IT WAS A WEDDING that would be talked about for years. In Turgo village, on the southern inclines of Gunung Merapi, the volcano was boiling mad, spitting bile and spewing invective with every sulphurous belch. The air smelled of stagnant water, its poison inflaming throats, eyes, skin. Clouds like tightly coiled balls of wool rolled down the slopes. Dogs howled. But still the husband- and wife-to-be insisted on going ahead with their nuptials.
On November 22, 1994, their wedding party made merry in the shadow of the Fire Mountain until, without warning, a thunderous blast deafened all present. Houses collapsed, trees burned and ears melted as Merapi blew its top, volleying lava and heat clouds from its crater. The couple and 14 of their guests in Central Java were among 60 people killed in the eruption. Many died trying to outrun the wedus gembel (“curly-haired sheep” clouds) giving chase down the mountain.

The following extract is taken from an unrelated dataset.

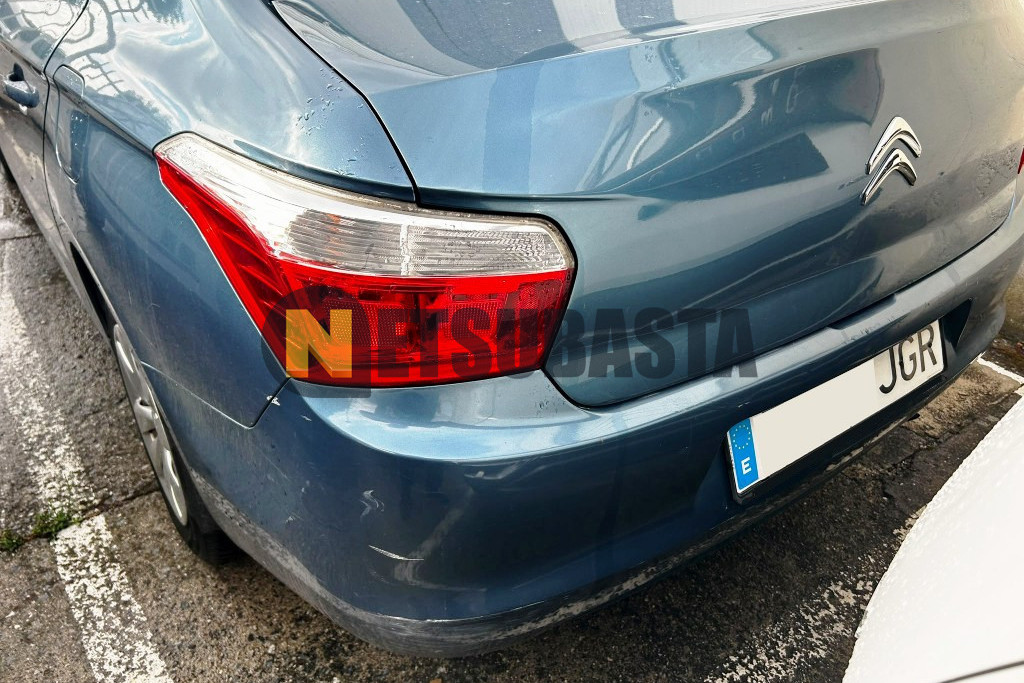 Citroën C-Elysée 1.6 HDi 2015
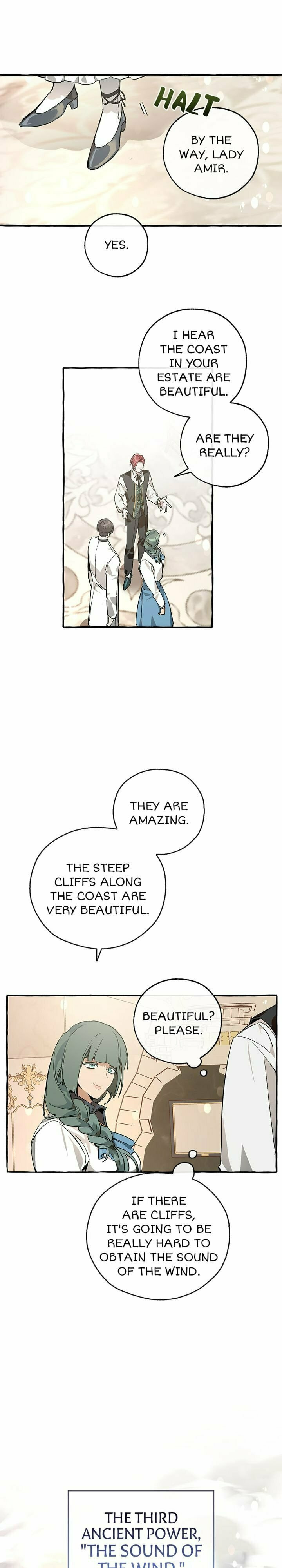 Lout of Count’s Family – Chapter 48 page 12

One man, Maridjan, apparently predicted the disaster, foreseeing in a dream what seismographic equipment monitoring the volcano’s moods had failed to detect. But villagers’ belief in his powers – among them the ability to commune with spirits and, if need be, vanish like a genie and reappear elsewhere – earned him notoriety 12 years later, the last time Merapi roared from the belly, coughing up lava, ash and hot gases that earned her a red-level alert. In 2006, despite the threat posed to 33,000 people living in the “danger zone”, only one third heeded the authorities’ order to evacuate. While some stayed for fear of losing property and livestock, many reportedly defied the command because they preferred to believe in Maridjan, the oracle.
Mount Merapi, 2,968 metres from base to irascible summit, has for centuries played a spiritual role in Central Java and inspired myths and rituals that make a mockery of modernity. Her unpredictability and track record bolster beliefs of, among other things, spirits inhabiting the volcano in a world that parallels our own. Coupled with the fact that geologists cannot yet tell with precision when a volcano will blow and how devastating the consequences will be, the tenacity with which people cling to seemingly irrational explanations for eruptions is perhaps unsurprising. One interpretation is that volcanoes exact vengeful justice on the world (and by extension wrongdoers), which may be why everyone from farmers to politicians to intellectuals regularly pays their respects to Maridjan, whose official job is undeniably odd: to perform rites designed to placate Merapi’s otherworldly inhabitants. Statistics help explain fears: no other country has as many active volcanoes as Indonesia, with more than 130, and Merapi is the most volatile in the land, small outbursts occurring every two or three years, devastating eruptions every decade or so. These larger blasts can produce pyroclastic flows reaching 300 kilometres an hour and temperatures that would melt lead.